American politician (1935–2001)

Frank D. Savickas (May 14, 1935 - May 14, 2001) was an American politician who served in the Illinois General Assembly from 1967 to 1993.

==Early life==
Savickas was born in Chicago, Illinois on May 14, 1935. He attended St. Rita and Harper High School. He went on to attend Wilson Junior College where he majored in business administration. He was the owner of Frank Savickas Insurance Agency. In 1966, he was elected to the Illinois House of Representatives as a Democrat. He was the first Lithuanian-American elected to the Illinois General Assembly.

==Political career==
===Illinois Senate===
In 1970, he defeated three term incumbent Senator John J. Lanigan in the Democratic wave of 1970, which saw Democrats take control of the Illinois Senate. He served in the Illinois Senate until his retirement in 1992. During his Senate tenure, he represented various areas of the southwest side of Chicago and the south suburbs including the Chicago neighborhoods of Marquette Park, Garfield Ridge and the suburb of Burbank. As a Senator, Savickas was an ally of the disability rights movement and pushed for proposals including special funding for handicapped children, various senior services and the legislation which gave the disabled guaranteed access to public education. He was an advocate for Midway International Airport and an ally of Mayor Richard J. Daley. During his second term in the Illinois Senate, Savickas was appointed Executive Secretary of the Chicago Park District.

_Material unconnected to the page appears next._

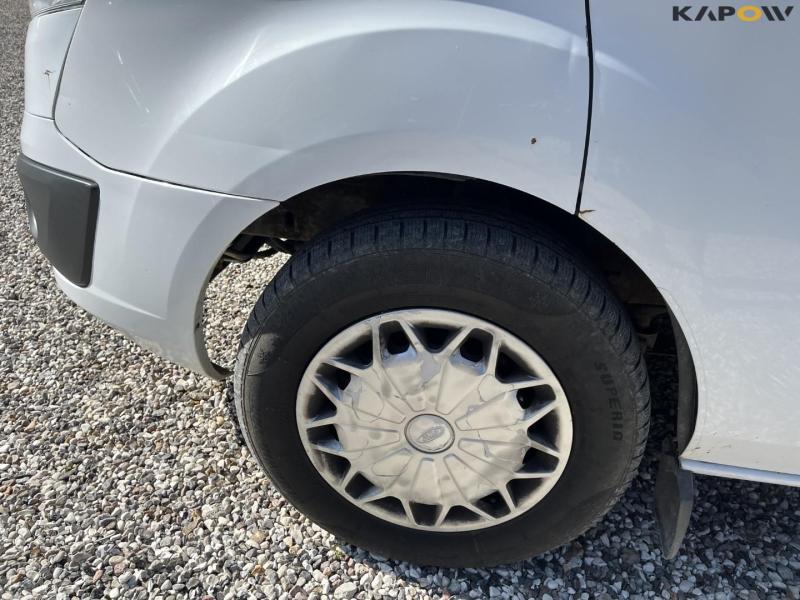 Ford Transit Custom 2.2 Tdci panel van 11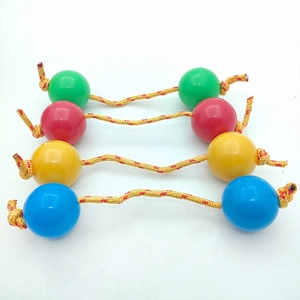 เครื่องดนตรีออร์ฟแบบขายส่ง  กลองเชคเกอร์พลาสติกแบบลูกบอลคู่ พร้อมเชือกคล้องมือ สำหรับเด็ก ฝึกประสาทสัมผัสทางการได้ยิน - Product Image 2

He eventually rose to serve as Assistant Majority Leader under Philip J. Rock. During the 86th General Assembly, Savickas abstained from voting to reelect Rock as President of the Illinois Senate. Subsequently, he was stripped of his leadership position in the Democratic caucus. To protest the loss of his position, he and his longtime ally Jeremiah E. Joyce joined the Republican caucus under Pate Philip. This gave the Republicans a majority to hold up the business of the Senate. The stalemate ended when Savickas was given a newly created leadership position. The key Republican proposals during the stalemate, the repeal of the three fifths rule and the removal of Howard W. Carroll from the Appropriations Committee, were rejected.

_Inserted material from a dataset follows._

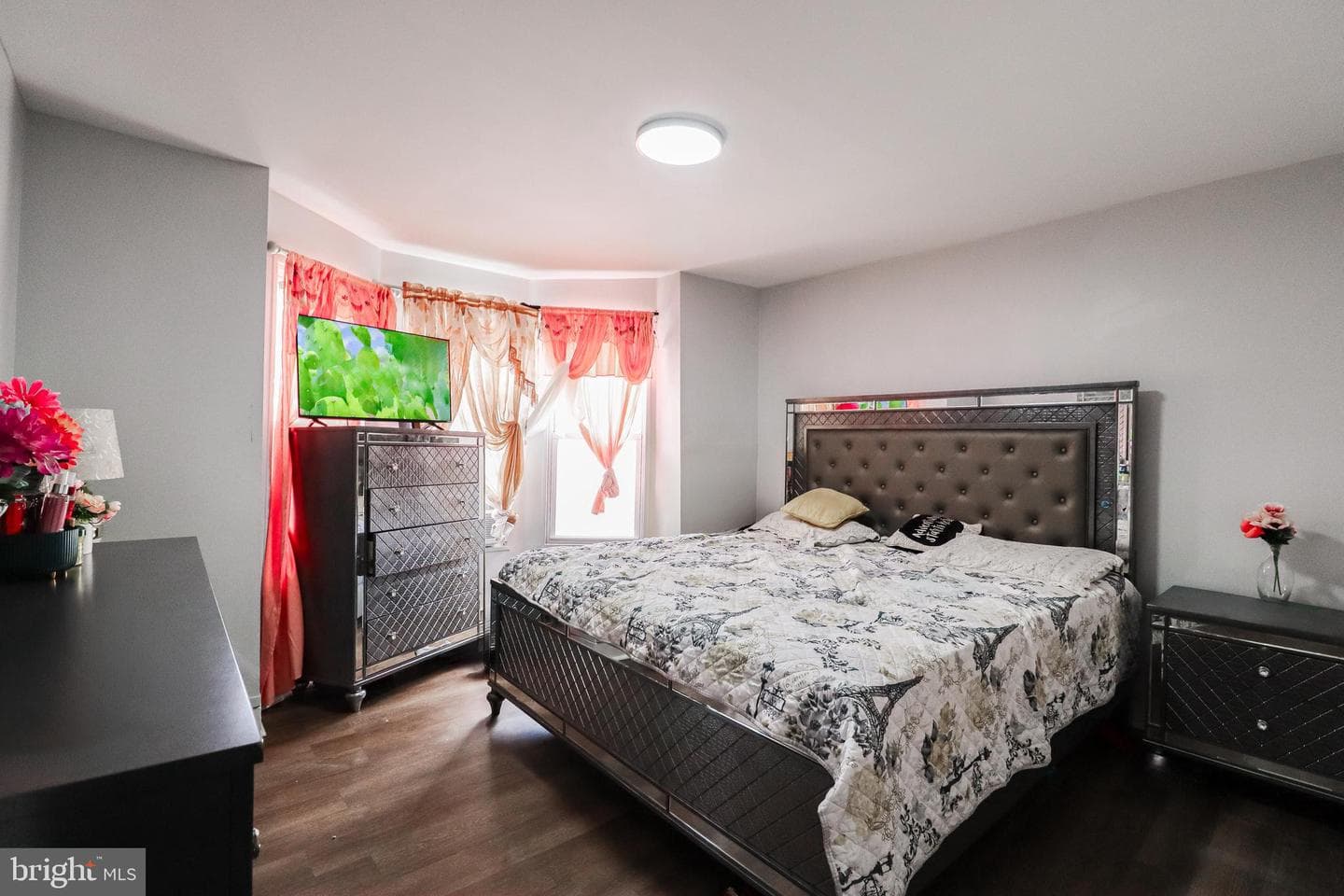 442 Crescent Street photo 13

In the Republican-controlled 1990 redistricting, Savickas, along with Jeremiah E. Joyce and Howard B. Brookins Sr., was drawn into the new 15th district. Under this map, the 15th became a minority-majority district. Savickas opted to establish residency in the neighboring 11th district. However, after Gary LaPaille, the chairman of the Illinois Democratic Party, announced his candidacy for the Democratic nomination in the 11th district, Savickas chose to retire.

He was succeeded in the 15th by State Representative Bill Shaw while LaPaille was elected in the 11th district.

===Democratic Committeeman===
In 1974, he was elected the Democratic Committeeman for Chicago's 15th ward. As Committeeman, he endorsed Jane Byrne in the 1983 Democratic primary for Mayor of Chicago. In his majority African-American ward Byrne lost to Harold Washington with the vote going strictly down racial lines. In 1986, he quietly stepped down as Democratic Committeeman for the 15th ward, as he likely would have lost reelection in the now-African American majority ward.

==Personal life==
 In 1986, he would later marry Pamela Blasco. This marriage also produced no children.

In 1990, his son Michael ("Big Roach") Savickas was convicted in the killing of Thomas Vinnicky and sentenced to twenty eight years in prison.

After retiring, he moved to Venice, Florida where he died on his 66th birthday.